Producing inventions is one thing, transforming them into innovation is quite another. Not all inventions turn out to be fit for innovation. Time has to tell.
However, experience suggests that in many, if not in most or even all cases, real innovation is a double-edged sword: Wherever and whenever innovation occurs, there will not only be winners but also victims: The representatives of Old School (or Ancien Regime as I would like to name it) who insist on doing it traditionally as it ever was done before the advent of the specific invention in question. In this context, think of Schumpeter's concept of creative destruction as a necessary attribute of a dynamic capitalism which is fit to survive its crisis. As brutal as it sounds, allowing victimisation of endangered members of the class of proponents of Old School by not bailing them out by means of new regulations might well be a necessary prerequisite for sustainably saving our capitalist system of economy.

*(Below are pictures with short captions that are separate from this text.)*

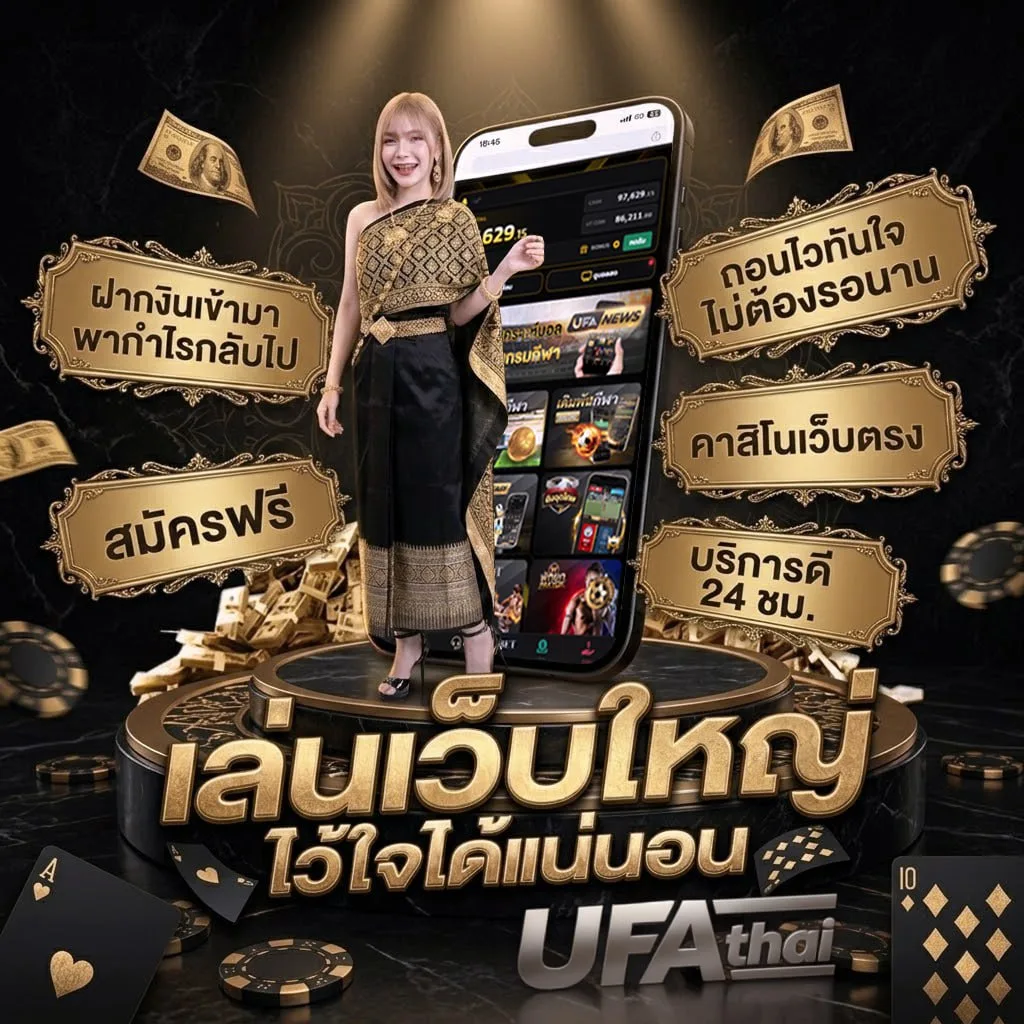 กุชชี่168 โลโก้แบรนด์ — เว็บตรง UFABET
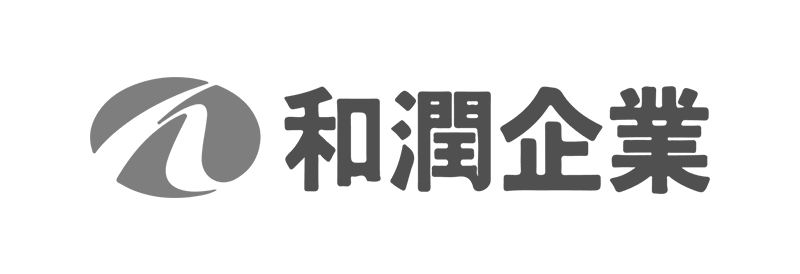 和潤企業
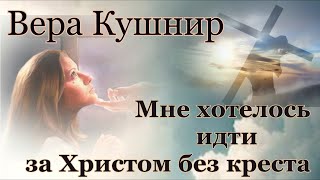 Вера Кушнир. стих - 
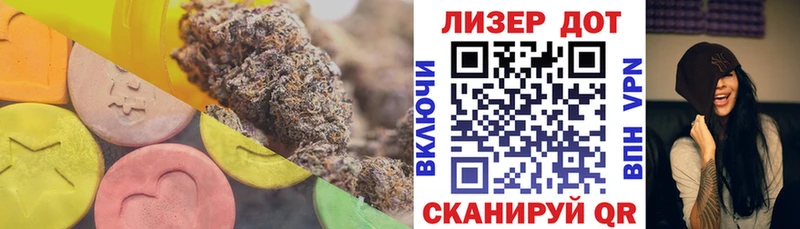 ЛСД экстази кислота  закладки  Нефтекамск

One of the most important fields of current innovation is linked with the rise of the Internet. During 15 or so years starting about 1995 the Internet has transformed our way of living. Those who have followed the path are wondering how they ever have lived without Google or without e-mail.
But there is also a strong movement of traditionalism and luddism, at least here in Germany. If something goes wrong, the Internet is blamed. When some sort of horrible crime has happened, police and press start meticulously researching Internet usage of alleged criminals, sometimes even of victims. And if anything out of the usual is discovered, the Internet is blamed in a knee-jerk fashion to be the cause or at least one out of multiple causes. And, to take another example, copyright is in a deep crisis not because of the mere existence of the Internet but because of growing proportions of the population are not willing to sacrifice certain benefits of modern digital technology by accepting the first principles forming the foundations on which current copyright law rests.
I'm really sick of listening to full-bodied political speeches and announcements asserting that the EU in general and Germany in particular are or should be innovative. For example, the EU Commissioner for Enterprise and Industry writes on the Official website:
"The European Union possesses extraordinary potential for innovation. Europe has a longstanding tradition of producing breakthrough inventions; it has a wealth of creative people and can build on its cultural diversity. It has laid the foundations for one of the largest single markets in the world, where innovative products and services may be commercialised on a large scale. Historically it has a strong and responsible public sector, which should be capitalised on."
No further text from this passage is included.